DATASET SECTION =

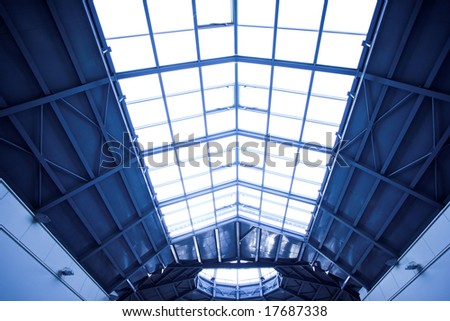 Blue ceiling inside modern office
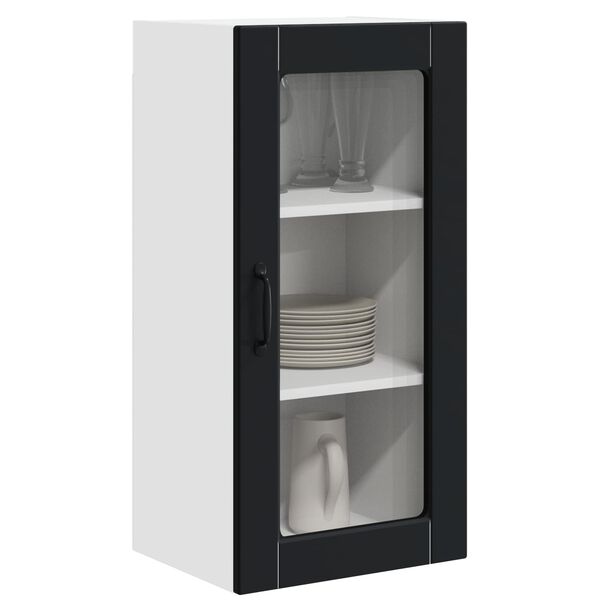 vidaXL Kitchen Cabinet 2 pcs Black 40 x 31 x 80 cm Engineered Wood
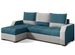 Canapé convertible angle réversible design tissu bleu turquoise et gris clair Zarky 250 cm - Photo n°1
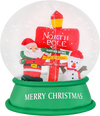 4 Feet Christmas Inflatable Snow Globe with Santa Snowman Road Sign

TASK TO CARRY OUT =
The expected answer is the data retyped exactly, without pictures.

WRITTEN RESPONSE =
 Blue ceiling inside modern office
 vidaXL Kitchen Cabinet 2 pcs Black 40 x 31 x 80 cm Engineered Wood
 Canapé convertible angle réversible design tissu bleu turquoise et gris clair Zarky 250 cm - Photo n°1
 4 Feet Christmas Inflatable Snow Globe with Santa Snowman Road Sign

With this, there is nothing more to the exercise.